Re: New metadata draft from Gregg Kellogg on 2014-05-21 (public-csv-wg@w3.org from May 2014)

From: Gregg Kellogg <gregg@greggkellogg.net>
Date: Wed, 21 May 2014 13:07:31 -0700
To: Jeni Tennison <jeni@jenitennison.com>
Cc: "rufus.pollock@okfn.org" <rufus.pollock@okfn.org>, public-csv-wg@w3.org
Message-Id: <7CB6AB4D-8D42-4D9E-807E-83F0495841FA@greggkellogg.net>

On May 21, 2014, at 10:02 AM, Jeni Tennison <jeni@jenitennison.com> wrote:

> Hi,
> 
> I’ve done some fairly substantial work on the metadata draft [1] to get the structure and content more towards where I think we want it to head, including trying to map the existing data package structures into something that makes (more) sense if we’re viewing the metadata documents as JSON-LD structures with a metadata vocabulary.
> 
> There’s still a lot of work to do (and loads of issues as you’ll see), but I think it’s a little more internally consistent now. Comments appreciated.

Some technical comments on the JSON-LD used within the document.

In ISSUE 1, you raise some questions within the JSON-LD context:

[[something here that maps the publisher onto an appropriate schema.org type?]]

Note that the JSON-LD context doesn't really describe dataranges beyond that for literals. So you map "publisher" to dc:publisher, and say that the default value is expected to be an IRI or BNode; you can't say that the type of that IRI should have a type of, say, schema:Person, if that's indeed what your attempting. For that, you need to revert to OWL or RDFS (or the schema.org rangeIncludes variation).

[[
don't know how to say the list is of Column objects
don't know how to detail the properties of the columns in context
]]

I modified this to the following: "columns": {"@type": "@id", "@container": "@list"}
Note that using @id within the term definition is not necessary if the term can already be expanded to an IRI (using @vocab, in this case). The @container: @list says that it is an ordered list, the @type: @id says that the default type for the list elements is expected to be an @id.

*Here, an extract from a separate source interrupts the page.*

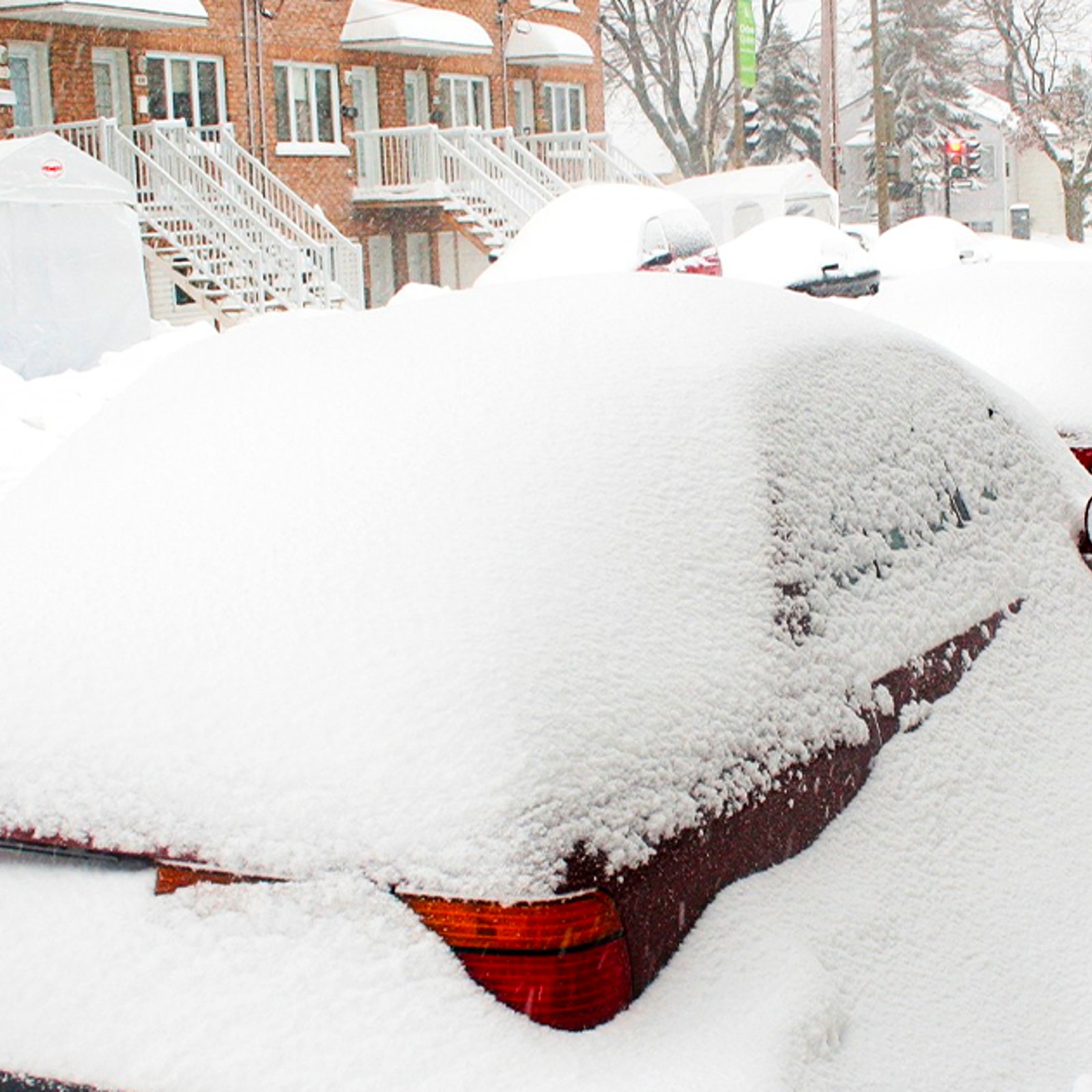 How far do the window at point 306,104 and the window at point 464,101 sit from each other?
2681 mm

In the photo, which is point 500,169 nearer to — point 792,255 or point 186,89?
point 186,89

On ISSUE 2: a JSON-LD doc can always reference the context remotely. In fact, if the RDFS for the vocabulary is published at <http://w3.org/ns/table#>, the JSON-LD version of that vocabulary can also include the context itself, in addition to the RDFS definition. This would make a simple document look like the following:

{
  "@context": "http://w3.org/ns/table#",
  "@id": "tree-ops.csv",
  ...
}

ISSUE 19: This also means that the column values need an @id defined. You could avoid BNodes, by simply using a string which can be resolved as an IRI relative to the document location. If "name" had @type: @id, it would not be treated as a string, but as a property referencing an internally node. For example:

{
  "@context": [ "http://w3.org/ns/table#", {"@base": "tree-ops.csv#"}],
  "@id": "tree-ops.csv"
  ...,
  "columns": [
    {@id": "GID", "name": "GID", ...},
    {@id": "familyName", "name": "familyName", ...}
    {@id": "givenName", "name": "givenName", ...}
  ],
  "primaryKey: ["familyName", "givenName"],

If you made "name" a synonym for "@id", you wouldn't need to use @id either, but you'd need to be sure that "name" was used uniquely, as that could cause separate nodes to coalesce when turned into RDF. Alternatively, "name" could be a property of type @id, instead of string, in which case it would refer to a node having that @id definition.

ISSUE 37: I think you can use data-include in ReSpec to actually load the context definition into the document; should be able to syntax highlite it too.

Gregg

> Jeni
> 
> [1] http://w3c.github.io/csvw/metadata/
> --  
> Jeni Tennison
> http://www.jenitennison.com/
>

Received on Wednesday, 21 May 2014 20:08:06 UTC